AIM OF THE TASK:
Pictures stay out of the copy. Retype exactly the lines below from the one with "Ver Bullet Train" through the one with "Troy - NCAA".

AVAILABLE RECORDS:
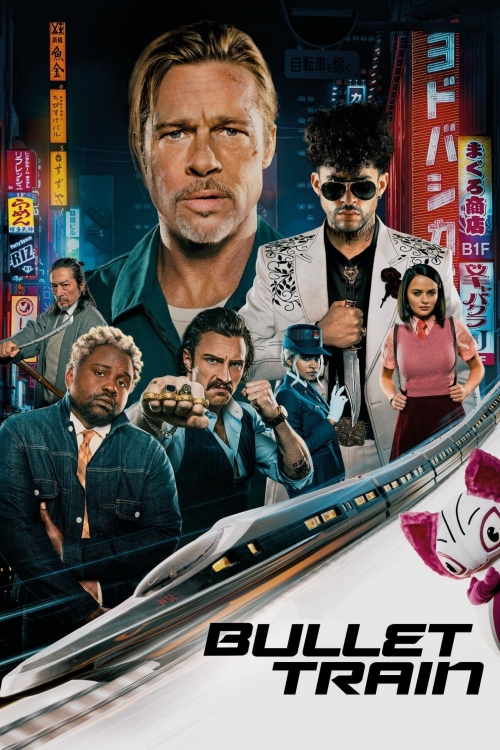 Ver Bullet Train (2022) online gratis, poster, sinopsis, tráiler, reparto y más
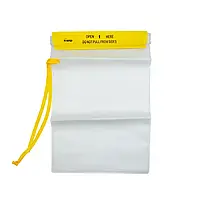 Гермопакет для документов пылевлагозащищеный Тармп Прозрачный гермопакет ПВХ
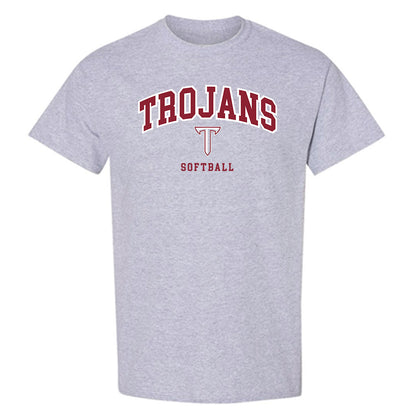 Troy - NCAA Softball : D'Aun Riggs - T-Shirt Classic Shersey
* * *
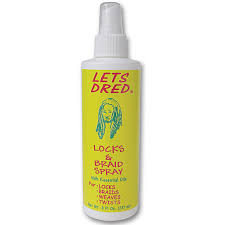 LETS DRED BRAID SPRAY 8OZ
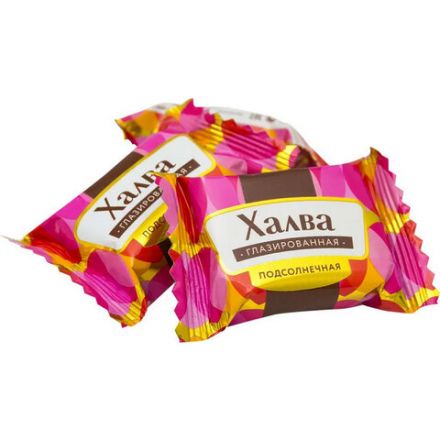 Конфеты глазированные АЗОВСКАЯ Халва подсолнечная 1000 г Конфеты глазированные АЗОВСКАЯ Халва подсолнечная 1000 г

COMPLETED EXERCISE:
 Ver Bullet Train (2022) online gratis, poster, sinopsis, tráiler, reparto y más
 Гермопакет для документов пылевлагозащищеный Тармп Прозрачный гермопакет ПВХ
 Troy - NCAA Softball : D'Aun Riggs - T-Shirt Classic Shersey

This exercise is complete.